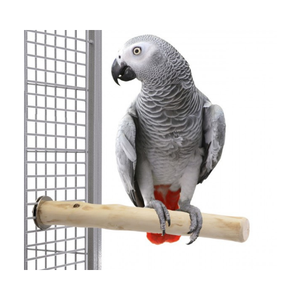 HOT HOT HOT 2024 | PERCHE D'OISEAU EN BOIS DE CAFÉ DE QUALITÉ SUPÉRIEURE, BON PRIX-LE MEILLEUR CHOIX POUR VOUS/Mme Thi - Product Image 2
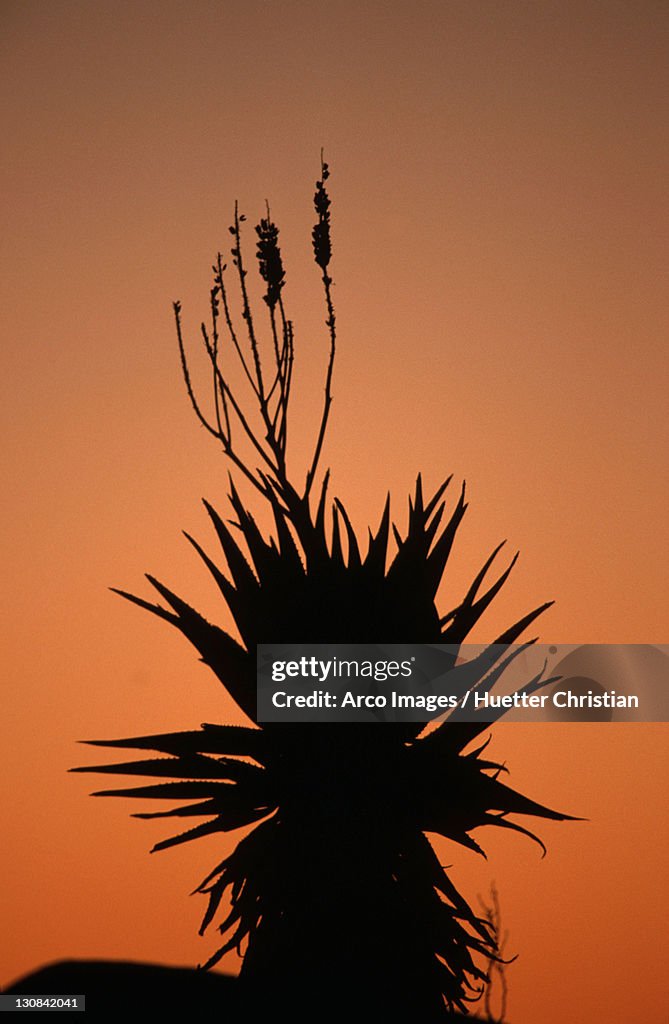 Bitter Aloe at dusk, Keetmanshoop, Namibia (Aloe ferox)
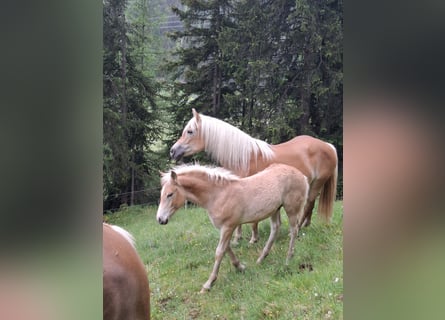 Haflinger, Hengst, Fohlen (03/2026), 153 cm, Fuchs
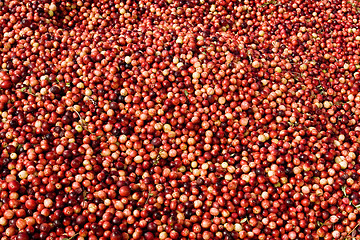 Image showing Cranberry pattern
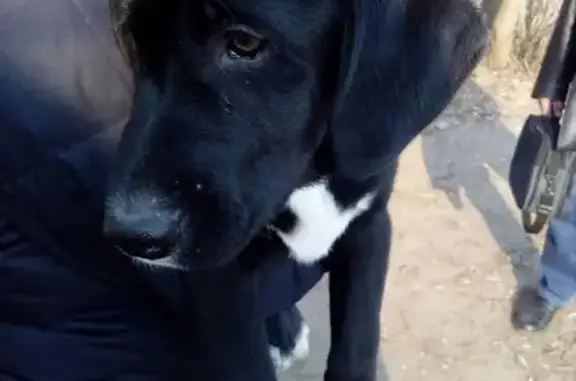 Найден щенок у Теремка, ищем хозяина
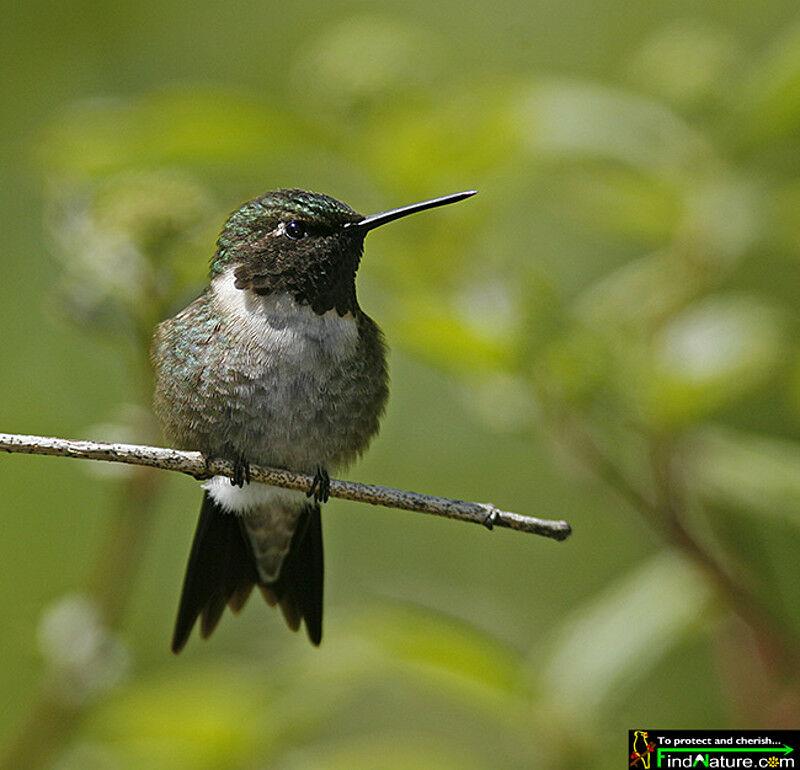 Colibri à gorge rubis mâle adulte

==========

__EXERCISE PROMPT__. Leave every picture out and set down exactly the lines running from the one with "Image showing Cranberry pattern" to the last line of the material above.

__TASK SOLUTION__.
 Image showing Cranberry pattern
 Найден щенок у Теремка, ищем хозяина
 Colibri à gorge rubis mâle adulte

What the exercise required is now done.